Im Anschluss an die wissenschaftlichen Fachvorträge folgte die Darstellung des Regionalen Knotens Bayern mit den Schwerpunkthemen „Gesundheitliche Chancengleichheit für alle Kinder“ sowie „Gesund aufwachsen für alle!“ - dem bundesweiten Partnerprozess zur Stärkung der Gesundheitschancen sozial benachteiligter Kinder und Jugendlicher. Welche Handlungsempfehlungen sich aus den theoretischen Informationen des Vormittags für die Praxis ableiten lassen, diskutierten anschließend Teilnehmer und Referenten unter der Moderation von Martin Heyn vom Bayerischen Zentrum für Prävention und Gesundheitsförderung (ZPG) des LGL.

Kampagne „Armut macht krank“

Der Deutsche Caritasverband will mit der Kampagne „Armut macht krank“ über die Zusammenhänge von Armut und Krankheit aufklären, Verständnis wecken für arme und kranke Menschen, die Solidarität zwischen den Menschen stärken und strukturelle Verbesserungen vorantreiben. Dazu war auch ein interner Wettbewerb ausgeschrieben, dessen Preisverleihung der Landes-Caritasdirektor Prälat Bernhard Piendl gemeinsam mit dem Vorstandsvorsitzenden der LIGA Bank, Jörg-Peter Nitschmann, vornahm. Ausgezeichnet wurden:


  1. Preis: Projekt „Bildungspartnerschaft Rhön-Grabfeld“ des Caritasverbandes Rhön-Grabfeld. Ziel ist es Kindern in Familien mit begrenzten finanziellen Mitteln Angebote zu finanzieren, die die Bildungschancen der Kinder erweitern. Die Potenziale und besonderen Talente aller Kinder sollen unterstützt werden.

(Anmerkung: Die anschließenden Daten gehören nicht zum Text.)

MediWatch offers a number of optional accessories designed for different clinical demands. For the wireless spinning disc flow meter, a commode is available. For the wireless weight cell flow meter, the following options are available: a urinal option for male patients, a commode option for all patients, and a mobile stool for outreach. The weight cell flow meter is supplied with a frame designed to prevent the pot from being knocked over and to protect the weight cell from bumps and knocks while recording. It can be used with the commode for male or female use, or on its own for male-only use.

Zurzeit sind vier konkrete Projekte an Grundschulen des gesamten Landkreises geplant. Ziel ist es diese Projekte flächendeckend an allen Schulen des Landkreises zu unterstützen.

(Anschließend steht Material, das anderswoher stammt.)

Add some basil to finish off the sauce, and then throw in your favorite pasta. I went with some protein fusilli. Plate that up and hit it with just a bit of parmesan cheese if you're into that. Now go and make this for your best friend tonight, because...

  2. Preis: Caritas Straßenambulanz Franz von Assisi des Caritasverbandes Nürnberg. Dies ist eine Einrichtung zur aufsuchenden ambulanten Pflege von wohnungslosen Frauen und Männern. Die Angebote sind eine medizinische und hygienische Basisversorgung, Sprechstunden, die Substitutionsbehandlung von Opiatabhängigen, Streetwork (aufsuchende Hilfe), der Besuch in stationären Einrichtungen und ein Tagestreff.

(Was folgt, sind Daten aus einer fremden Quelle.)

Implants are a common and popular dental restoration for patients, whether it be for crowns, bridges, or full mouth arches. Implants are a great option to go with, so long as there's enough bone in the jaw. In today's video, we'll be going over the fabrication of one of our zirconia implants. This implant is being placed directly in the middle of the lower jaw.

  3. Preis: Projekt „Pfandflaschen sammeln im Qualifizierungs- und Beschäftigungsbetrieb Rentabel“ des Caritas-Zentrums Freising. Bei dem Projekt sammeln psychisch kranke und langzeitarbeitslose Menschen Pfandflaschen am Flughafen München. Das ist ein aktiver Beitrag zum Umweltschutz und zugleich für die Betroffenen eine sinnvolle Beschäftigung, die ihnen eine Struktur des Tages gibt, Anerkennung bringt und so ihr Selbstwertgefühl stärken kann.

Diese praktischen Beispiele zeigen sehr gut auf, welche Möglichkeiten es gibt, Betroffene zur stärken und sich für das Thema „Gesundheitliche Chancengleichheit“ einzusetzen. Der Regionale Knoten fungiert als Koordinierungs- und Vernetzungsstelle für Gesundheitliche Chancengleichheit in Bayern und möchte weiter für das Thema sensibilisieren.